REQUIRED ACTION: Up to and including the line bearing "CHAAMP! UFO 24", output every line of the entries exactly as written, starting from the first; pictures stay out.

══════════

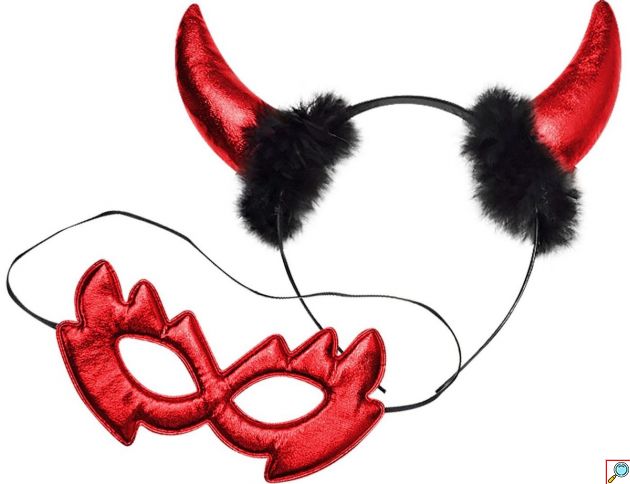 Σετ Αξεσουάρ Διαβολάκι Halloween 2 Τεμαχίων 20x19cm, Στέκα με Κόκκινα Κέρατα και Κόκκινη Μάσκα Ματιών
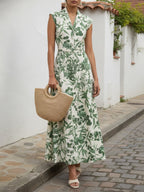 Maxi Linen Dress, Sleeveless, Shawl Collar, Floral, Vintage, Green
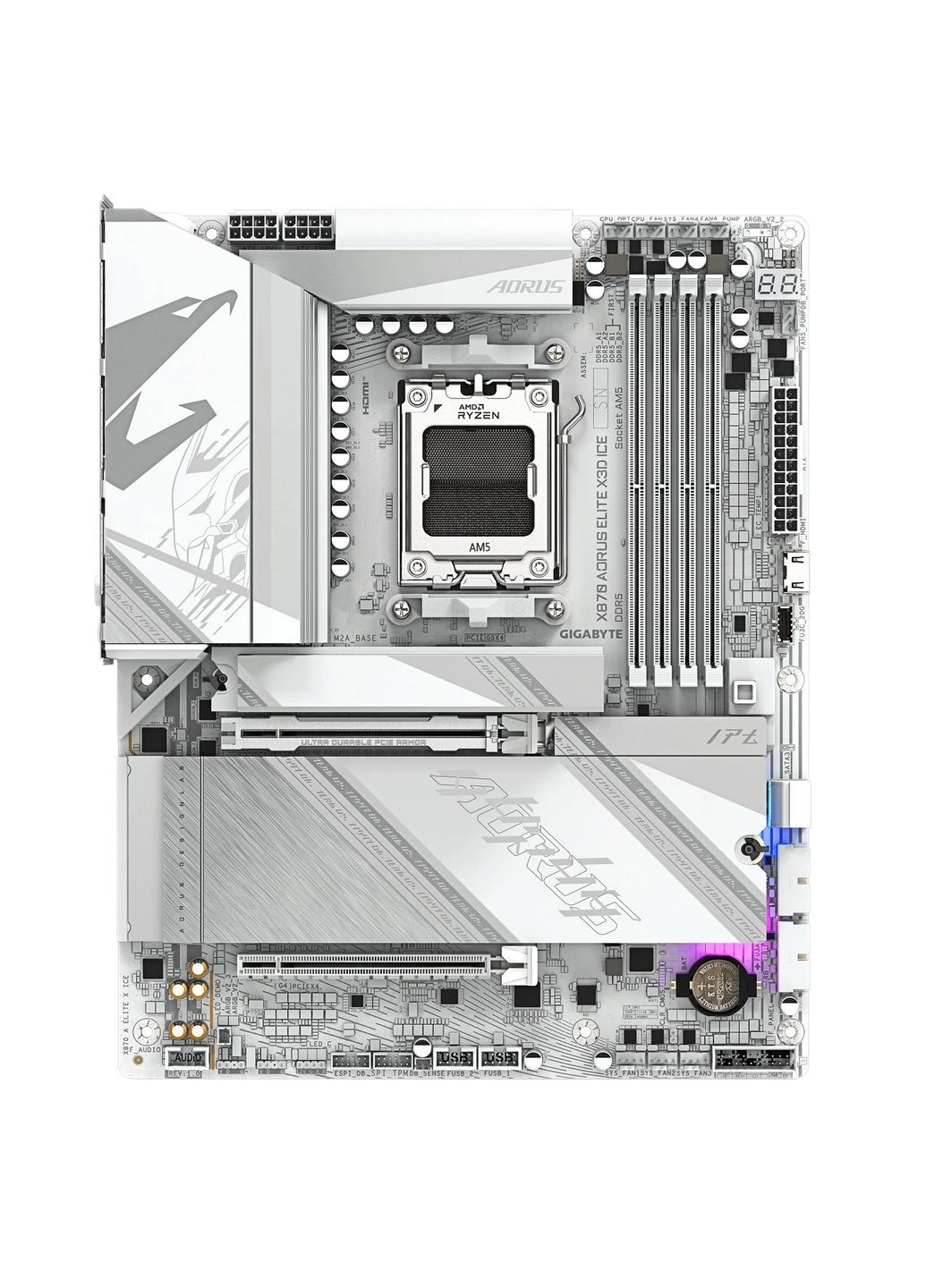 Материнська плата X870 Aorus Elite X3D Ice Socket AM5 Gigabyte (378555204)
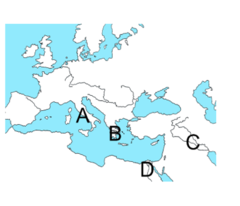 Which letter on the map is the location of Greece?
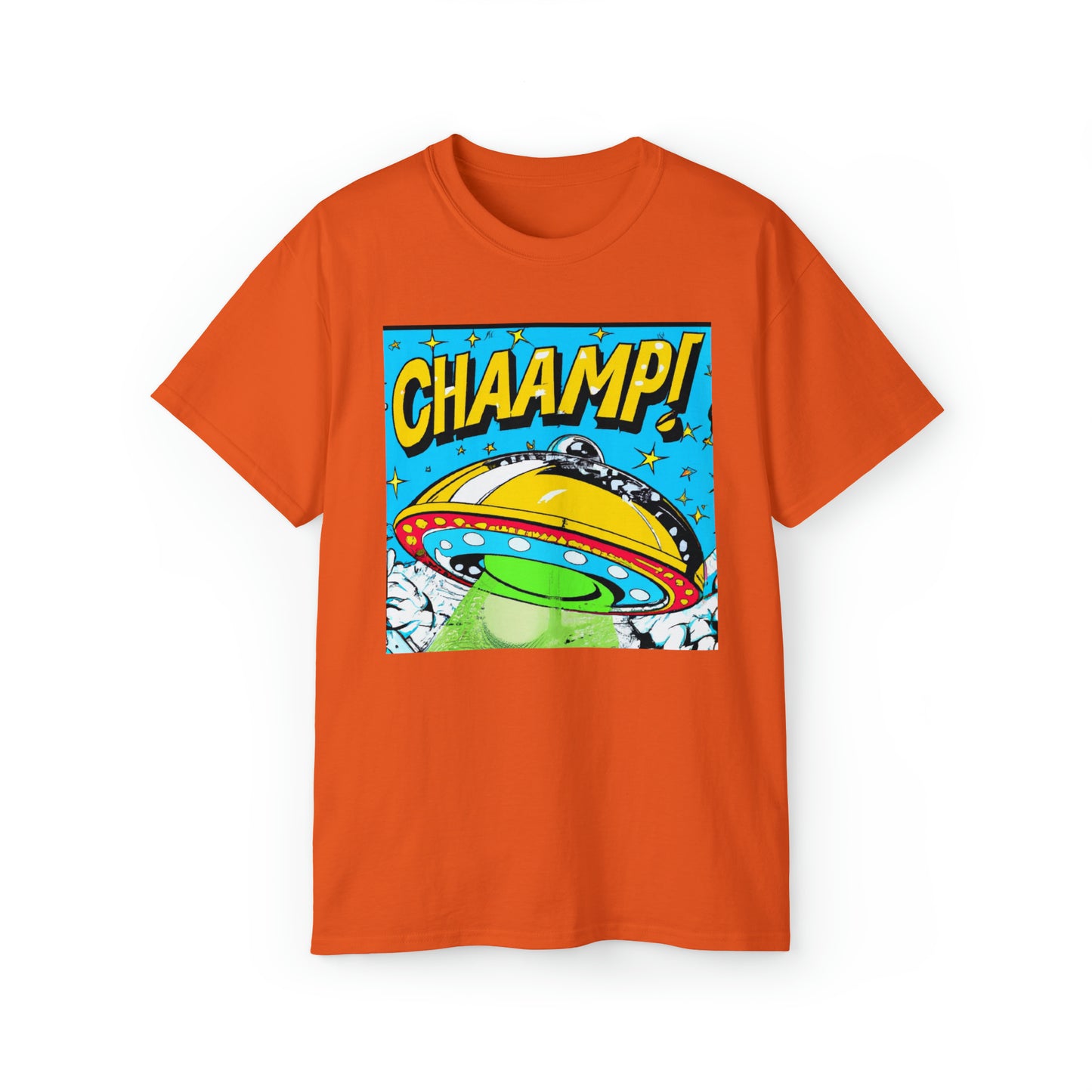 CHAAMP! UFO 24 - 1970's Style Comic Book Art - AI Art - Gildan Ultra Cotton Tee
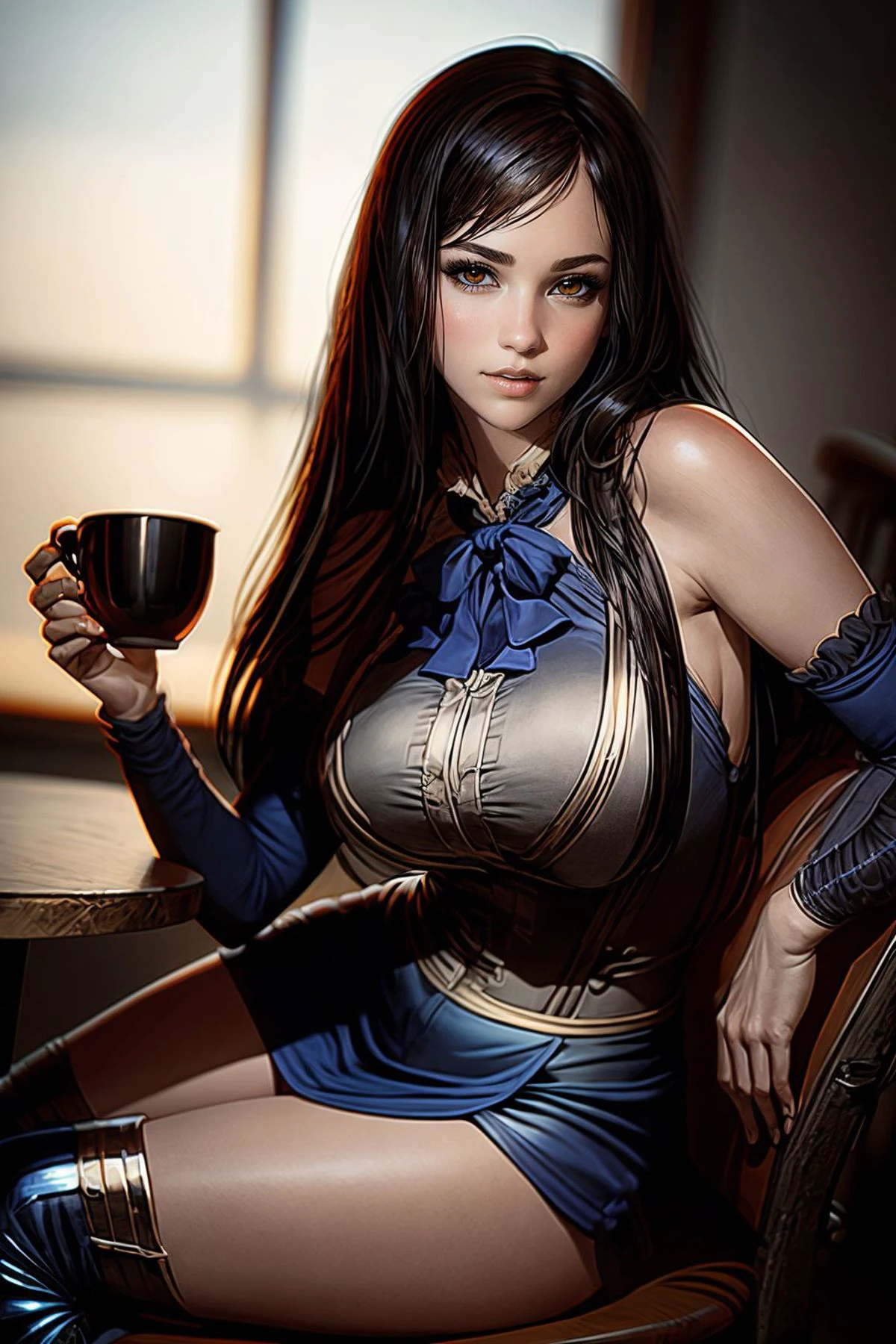 (best quality, masterpiece), realistic, (perfect detailed face), detailed bright eyes, good lit detailed skin, 1girl, (curvy), on chair, inside a coffee restaurant, holding a cup, (dim:0.5), (low key:0.5), lying sexy pose, snha <lora:epi_noiseoffset2:1> <lora:more_details:0.5> <lora:add_sharpness:1.5> <lora:rec:1.25> <lora:Castlevania_OoE_Shanoa:0.7>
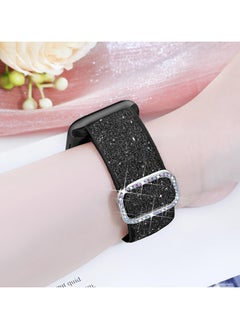 Generic Bling Stretchy Nylon Band Compatible with Apple Watch Band 42mm 44mm 45mm 46mm 49mm for Women, Sparkly Elastic Solo Loop Bands for iWatch Series 10/9/8/7/6/5/Ultra/Ultra 2 (Black)  - Image 3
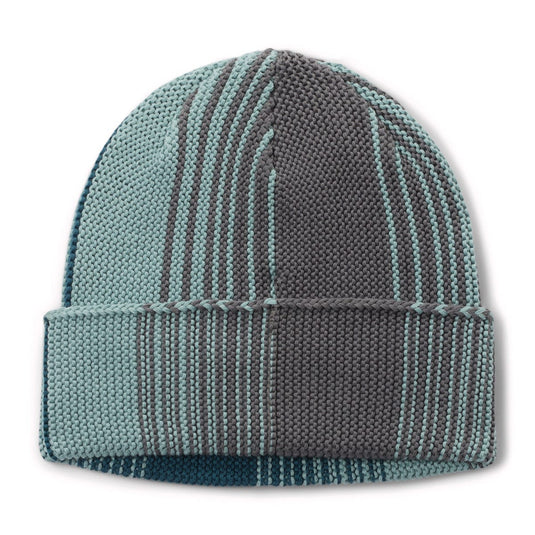 Knitted beanie with gray and teal stripes on a white background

══════════

WRITTEN ANSWER:
 Σετ Αξεσουάρ Διαβολάκι Halloween 2 Τεμαχίων 20x19cm, Στέκα με Κόκκινα Κέρατα και Κόκκινη Μάσκα Ματιών
 Maxi Linen Dress, Sleeveless, Shawl Collar, Floral, Vintage, Green
 Материнська плата X870 Aorus Elite X3D Ice Socket AM5 Gigabyte (378555204)
 Which letter on the map is the location of Greece?
 CHAAMP! UFO 24 - 1970's Style Comic Book Art - AI Art - Gildan Ultra Cotton Tee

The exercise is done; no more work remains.